▸ TASK BRIEF:
Copy exactly. Begin at the line containing "2011 Toyota 4Runner" and stop at the last line of the entries, omitting any pictures.
Start of RECORDS FOR THE EXERCISE
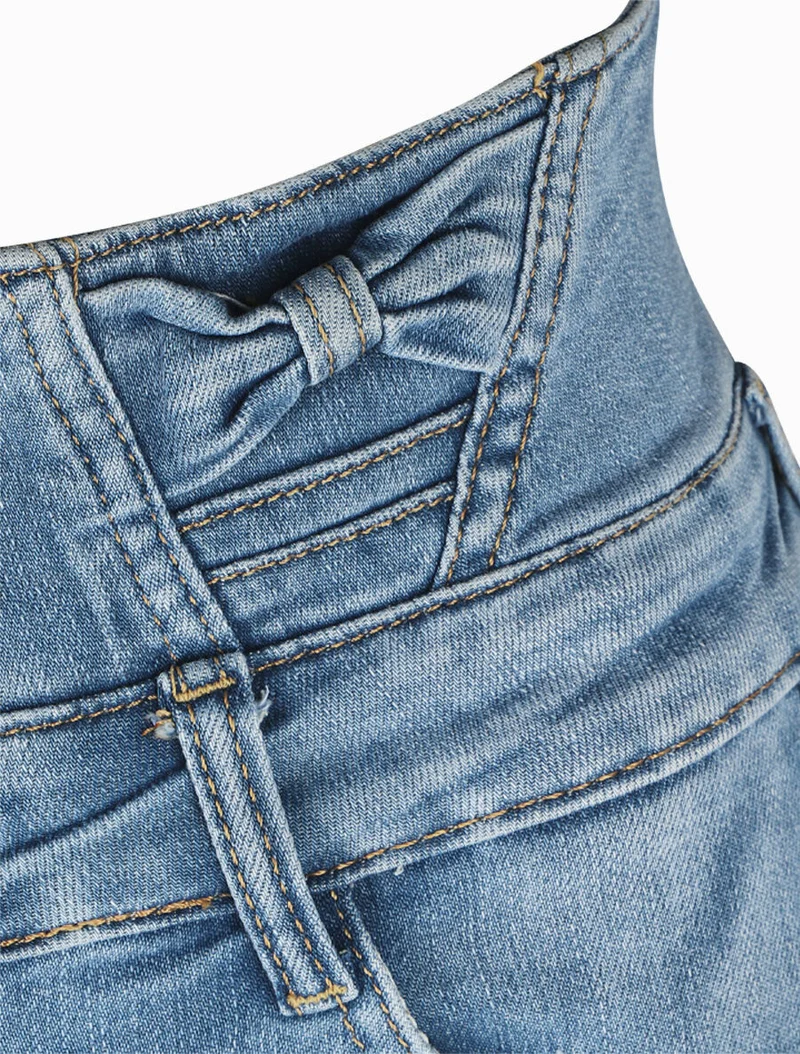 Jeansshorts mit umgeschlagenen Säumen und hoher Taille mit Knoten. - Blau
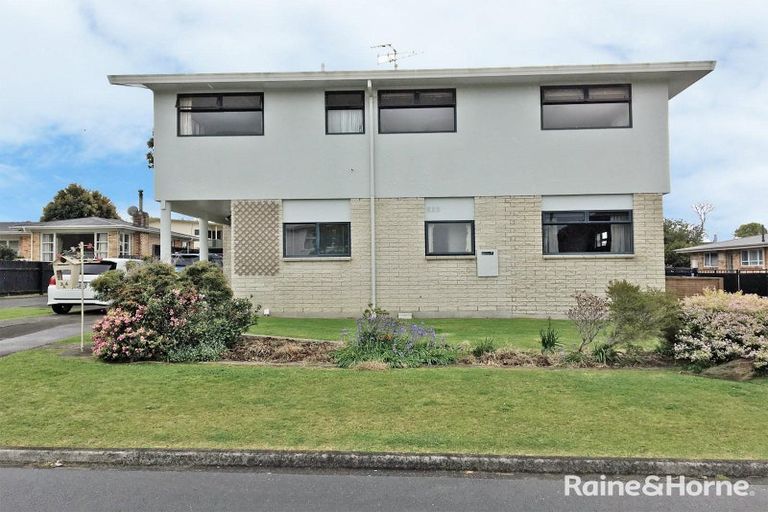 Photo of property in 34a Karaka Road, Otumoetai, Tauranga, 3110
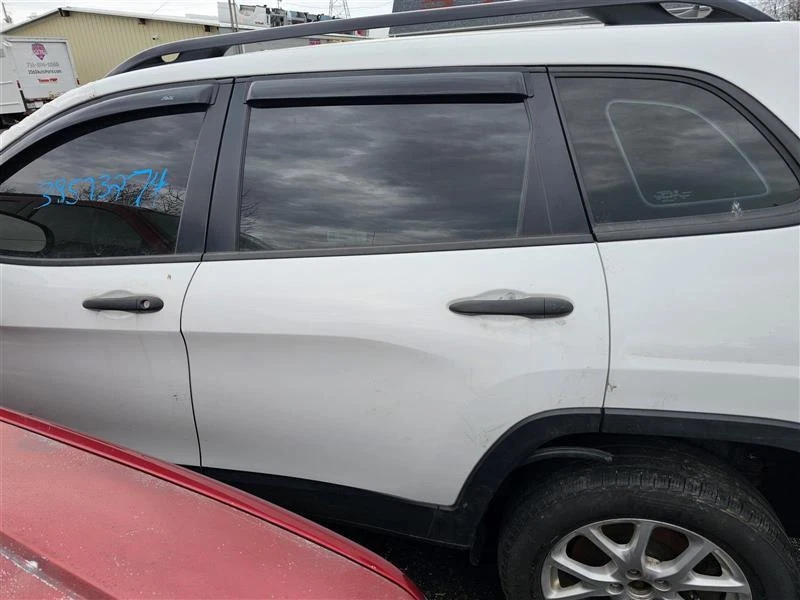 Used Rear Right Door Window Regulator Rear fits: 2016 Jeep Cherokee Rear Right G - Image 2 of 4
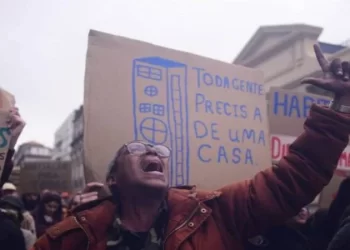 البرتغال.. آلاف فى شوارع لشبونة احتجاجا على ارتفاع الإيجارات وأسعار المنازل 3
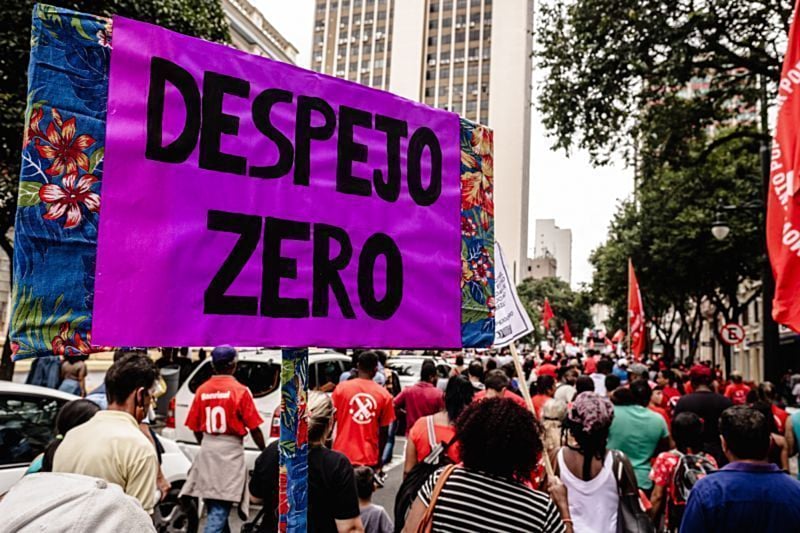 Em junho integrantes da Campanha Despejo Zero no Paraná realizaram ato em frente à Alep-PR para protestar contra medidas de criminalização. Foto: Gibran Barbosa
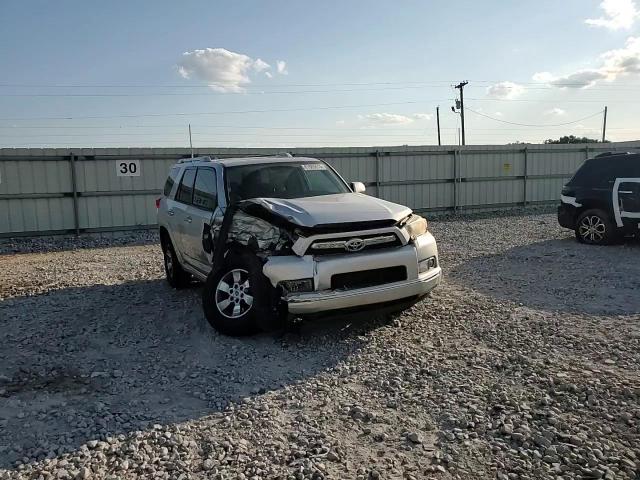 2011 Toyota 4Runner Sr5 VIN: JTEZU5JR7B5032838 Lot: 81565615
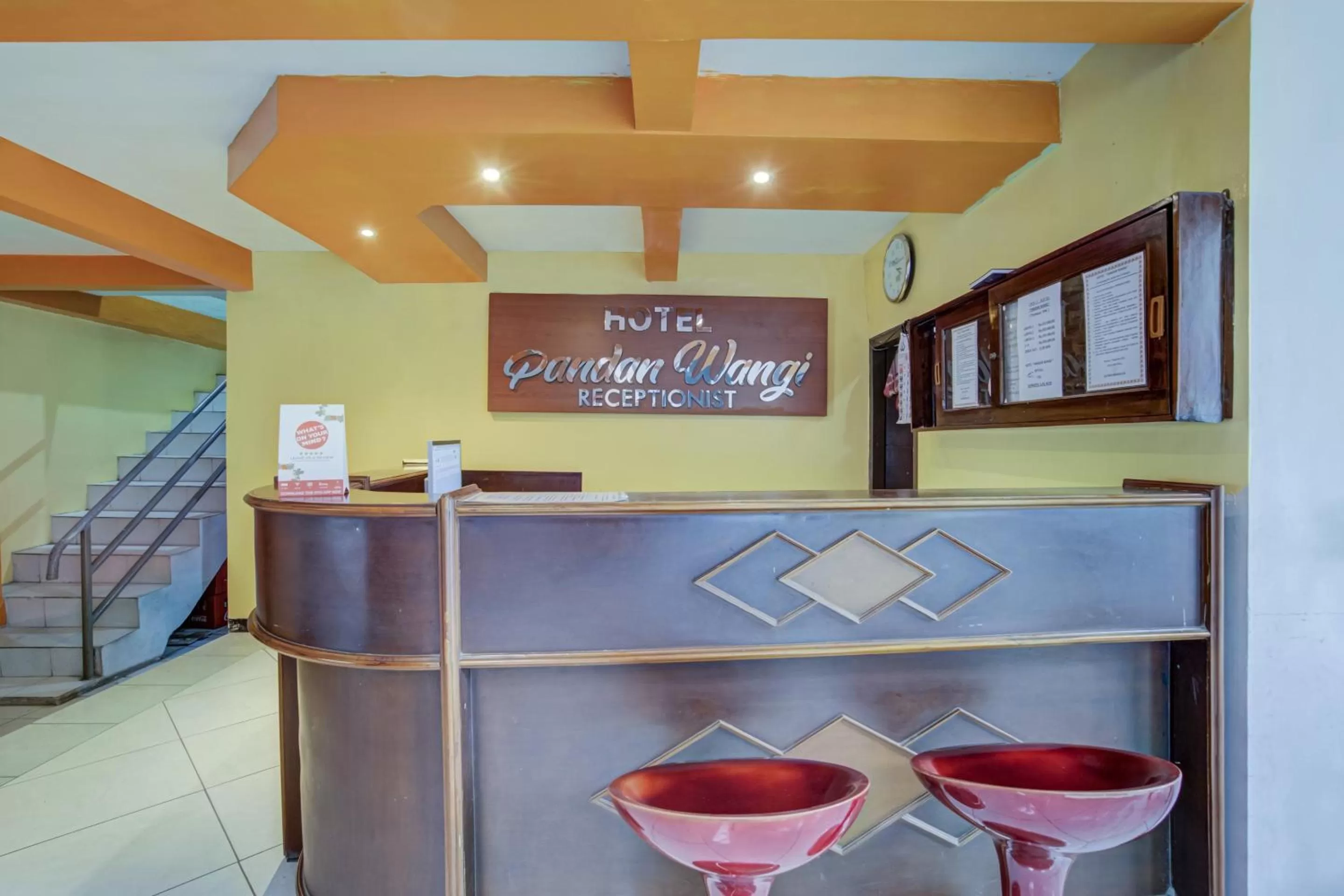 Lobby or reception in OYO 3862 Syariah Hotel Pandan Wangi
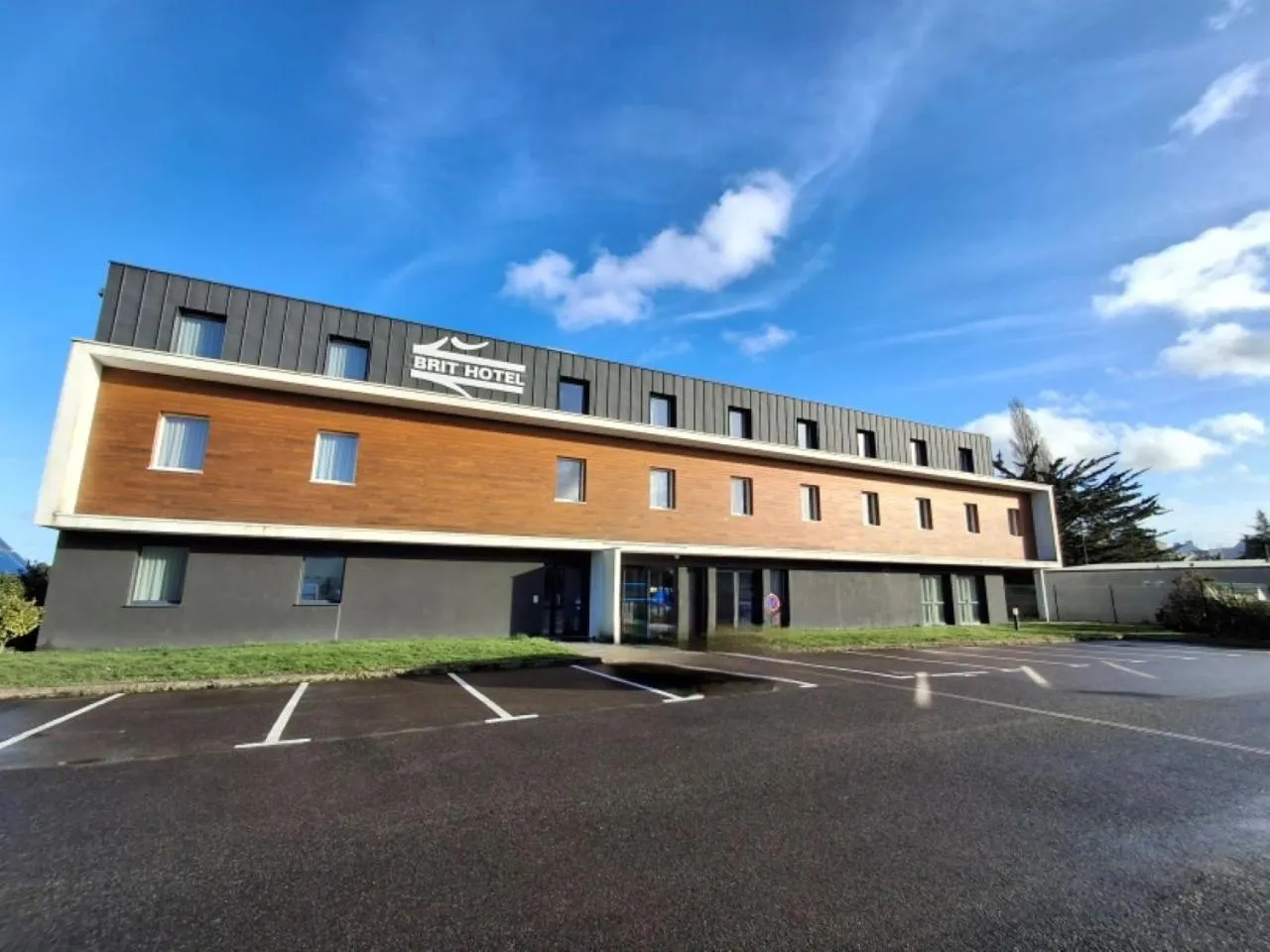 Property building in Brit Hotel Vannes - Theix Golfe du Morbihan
End of RECORDS FOR THE EXERCISE
▸ YOUR SOLUTION:
 2011 Toyota 4Runner Sr5 VIN: JTEZU5JR7B5032838 Lot: 81565615
 Lobby or reception in OYO 3862 Syariah Hotel Pandan Wangi
 Property building in Brit Hotel Vannes - Theix Golfe du Morbihan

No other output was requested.